日本ビールスタッフの「気まぐれコラム」ビールがあればいつでも幸せ 日本ビールスタッフの「気まぐれコラム」ビールがあればいつでも幸せ

樽、缶、瓶では味が違う?
【ビールと容器の話】

よく「缶ビールより瓶ビールのほうがうまい!」とか「ビールはお店で飲む樽生が一番!」という声を聞きますが、実は樽、缶、瓶には、どれも同じビールが入っています。ですからビールの味は、どれも同じはずなのです。

しかし同じビールでもなぜ、味が違うと感じるのでしょう? ひとつは、飲み方にあります。瓶ビールはグラスに注いで飲む人がほとんどだと思いますが、缶ビールは直接口を付けて飲むケースも多いのではないでしょうか?

缶から直接ビールを飲むと泡が立ちませんので、グラスに注いだときのような飲み口にはなりません。また、炭酸ガスがほとんど抜けないまま口に入るので、舌に強い刺激を感じます。さらに缶に口を付けることで感じる金属味が、ビールの味に影響する場合もあります。

注ぎ方によっても、ビールの味に違いを感じることがあります。瓶ビールをグラスに注ぐ場合、泡がよく付いた状態で注げることもあれ、泡を立てずに注いでしまうこともあります。注ぎ方にムラがあれば、味の感じ方も変わってしまいます。

それに対してお店で飲む樽生ビールは、ビールサーバーで最適な温度、適切な泡付けがされた理想的なビールが注がれます。「ビールはお店で飲む樽生が一番!」と感じるのは、こんなことが理由かもしれません。

このように同じビールでも、飲み方や注ぎ方ひとつで、違った味に感じてしまうことがあります。「同じ銘柄なのに、味が違うような気が……」というときは、このようなことが影響しているかもしれませんね。

このひと手間でプロの味
【三度注ぎ】

缶ビールや瓶ビールを飲むとき、無造作にグラスに注いではいませんか? 実は注ぎ方ひとつで、ビールはもっとおいしくなるのです。
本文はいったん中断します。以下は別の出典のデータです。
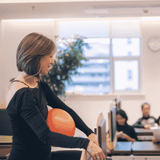 A woman in a black long-sleeve top holds an orange exercise balloon while working at a desk in a bright office or gym space.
その注ぎ方が「三度注ぎ」と呼ばれる方法です。ビールを泡立てながら3回に分けて注ぐことから、この名が付いています。

泡をしっかり付けることで、グラスのフタになります。このフタがあることで、ビールの香りや炭酸が逃げにくくなり、最後までおいしく飲むことができるのです。
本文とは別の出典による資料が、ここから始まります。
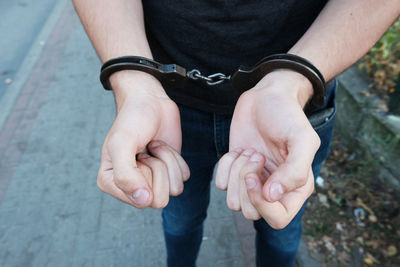 Midsection of man with handcuffs standing on footpath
このひと手間をかけることで、普段何気なく飲んでいるビールもビアホールの味に近づきます。ぜひ一度、チャレンジしてみてください!

<「三度注ぎ」の手順>

  1. グラスをテーブルに置き、グラス底面に当たるように勢いよくビールをグラスの半分まで注ぎます。
  2. 上部の粗い泡が消えたら、今度はグラスの9分目までゆっくりとビールを注ぎます。
  3. 粗い泡が消えたら、3度目もゆっくりと注ぎます。グラスの縁から泡が盛り上がるように注ぎ入れたら完成。ビールと泡の比率は7:3が理想的です。

泡はビールの味を左右する!?
【ビールの泡の秘密】

ビールをビールらしく見せるのは、グラスにふっくらとした泡があること。ビールに泡が付いていないと、なんだかおいしそうに見えませんよね? 実はこの泡、おいしそうに見せる演出だけではなく、本当においしくするためのものなのです。
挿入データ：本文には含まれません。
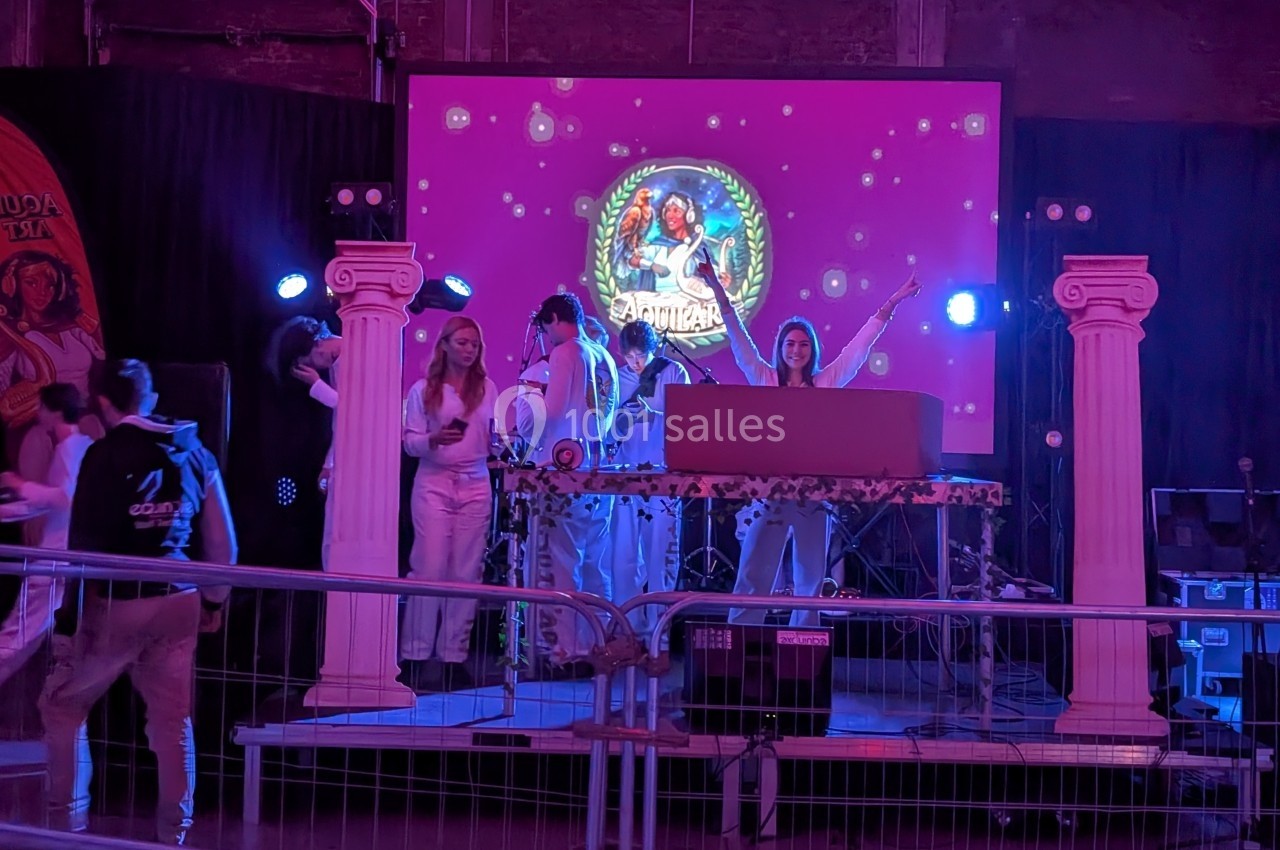 Des personnes en tenue blanche animent une soirée sur une scène décorée de colonnes et d'un écran lumineux.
この泡は、いわば“フタ”のような役割を果たし、炭酸ガスや香りが逃げてしまうことを防いだり、ビールが空気に触れて酸化するのを防いでくれたりするのです。

また泡には、苦みの成分を取り込む性質があるため、泡を作らないと苦みを強く感じてしまいます。さらに炭酸ガスも抜けないので、本来の口当たりよりも刺激が強くなってしまいます。

今まで缶ビールは、缶から直接飲んでいたという人とは、ぜひグラスに注いでから飲んでみてください。きっと同じビールでも、味が違って感じられるはずですよ。